Como bem disse o erudito escritor Otto Maria Carpeaux, “os ideais extravagantes” e o poder de imaginação tresloucado do Quixote em contraste com o realismo da gente simples que simboliza Sancho dão à obra um humorismo irresistível de tal maneira que o Dom Quixote “conservará para sempre suas duas classes de leitores: as crianças, que ainda não conhecem a vida, e outros, duramente experimentados por ela”.

Segundo a Unesco, Dom Quixote de la Mancha, um dos cânones da literatura universal, obra-prima do espanhol Miguel de Cervantes Saavedra, que, em janeiro último, completou 400 anos de sua primeira publicação, é um dos livros mais traduzidos até hoje.

Este dado é apenas um dos sinais de sua repercussão no âmbito da cultura mundial.
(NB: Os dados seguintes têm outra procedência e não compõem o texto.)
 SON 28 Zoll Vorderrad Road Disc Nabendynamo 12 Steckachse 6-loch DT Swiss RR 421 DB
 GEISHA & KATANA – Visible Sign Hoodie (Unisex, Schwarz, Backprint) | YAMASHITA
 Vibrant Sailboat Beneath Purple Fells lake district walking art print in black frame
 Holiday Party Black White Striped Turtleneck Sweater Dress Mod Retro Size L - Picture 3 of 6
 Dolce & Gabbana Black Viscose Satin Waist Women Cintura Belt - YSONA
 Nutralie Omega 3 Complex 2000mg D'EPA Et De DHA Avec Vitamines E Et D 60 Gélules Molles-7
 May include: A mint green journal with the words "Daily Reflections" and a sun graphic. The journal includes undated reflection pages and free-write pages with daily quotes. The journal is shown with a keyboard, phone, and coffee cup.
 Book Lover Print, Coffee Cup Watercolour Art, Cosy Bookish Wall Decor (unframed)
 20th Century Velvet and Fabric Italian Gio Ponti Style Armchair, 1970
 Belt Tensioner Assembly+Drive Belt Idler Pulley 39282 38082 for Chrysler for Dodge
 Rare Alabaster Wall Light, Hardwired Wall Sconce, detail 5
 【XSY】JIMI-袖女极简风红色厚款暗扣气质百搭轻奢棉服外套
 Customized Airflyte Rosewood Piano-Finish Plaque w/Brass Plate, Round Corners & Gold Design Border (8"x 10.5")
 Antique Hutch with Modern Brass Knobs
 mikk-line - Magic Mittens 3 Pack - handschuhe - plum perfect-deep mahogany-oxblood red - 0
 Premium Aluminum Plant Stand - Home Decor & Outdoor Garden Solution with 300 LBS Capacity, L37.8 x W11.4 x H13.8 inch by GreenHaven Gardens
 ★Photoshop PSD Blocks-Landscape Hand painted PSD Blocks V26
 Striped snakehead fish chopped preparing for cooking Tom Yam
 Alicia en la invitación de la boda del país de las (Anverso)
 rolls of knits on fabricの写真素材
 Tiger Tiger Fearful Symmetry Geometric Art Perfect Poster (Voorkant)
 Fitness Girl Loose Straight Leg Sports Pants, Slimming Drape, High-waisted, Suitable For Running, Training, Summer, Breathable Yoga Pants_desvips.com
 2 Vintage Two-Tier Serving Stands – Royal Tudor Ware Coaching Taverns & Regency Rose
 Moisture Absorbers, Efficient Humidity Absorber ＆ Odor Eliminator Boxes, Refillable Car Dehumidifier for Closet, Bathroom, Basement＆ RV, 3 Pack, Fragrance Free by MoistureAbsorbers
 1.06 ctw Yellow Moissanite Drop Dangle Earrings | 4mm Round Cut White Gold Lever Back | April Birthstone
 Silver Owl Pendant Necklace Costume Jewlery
Considerado um marco fundador do romance moderno, seus ecos transcendem a literatura, estentendo-se ao resto das formas de manifestações artísticas. O belo quadro de Candido Portinari estampado na capa desta edição de Princípios é apenas um indício de suas ressonâncias em nosso país.
Para além da arte, a sociologia, a filosofia, a ciência política, dentre outras, muitas esferas da produção intelectual, ao longo do tempo, dialogam com a obra de Cervantes.

Ilustrativo dessa afirmação foi o fato de um dos principais eventos do V Fórum Social Mundial, recentemente realizado em Porto Alegre, em janeiro de 2005, ter sido uma conferência que debateu Dom Quixote à luz da “utopia e da política”.

Dada essa influência que persiste e que continua a se esparramar, em inúmeros países realizam-se variadas atividades comemorativas deste quarto centenário do Dom Quixote. Sucedem-se, nos diferentes idiomas, novas edições e adaptações.

É auspicioso que nesta quadra histórica – de retrocessos e iniqüidades – uma obra de arte de fina qualidade estética e densa de valores humanísticos seja assim enaltecida em várias partes do mundo.
Vive-se um tempo em que a singularidade e a beleza cultural de cada povo, base da diversidade e riqueza do acervo cultural da humanidade, são poluídas ou pressionadas ao desaparecimento pela estratégia de dominação ideológica e mercadológica da globalização neoliberal. Presencia-se, ainda, a ciência sob o cerco de uma onda obscurantista que se alastra.

Neste contexto, simultaneamente em que se rejeita a avalanche da indústria “cultural” do imperialismo que impõe “obras de brilho intenso, mas falso”, ressalta-se que a originalidade e a criatividade da cultura brasileira sempre se enriqueceu e continuará a se enriquecer interagindo com a cultura de outros povos, assimilando criativamente os aportes estéticos, técnicos e humanísticos de obras como a de Cervantes.

O movimento transformador e o pensamento progressista, sobretudo agora, quando as contradições e os paradoxos do capitalismo trazem, novamente, a barbárie à cena da história, precisam mais do que nunca valorizar o papel indispensável da cultura e da arte na jornada libertária dos trabalhadores e da humanidade.

É importante ao pensamento avançado que o cavaleiro cativo das estrelas, da imaginação, afeito ao combate e indignado ante as injustiças, e o seu leal e simples escudeiro, amante da realidade e conhecedor de sua dureza, continuem a cavalgar pelos domínios da subjetividade humana. Essa dialética encerra a própria essência da prática transformadora.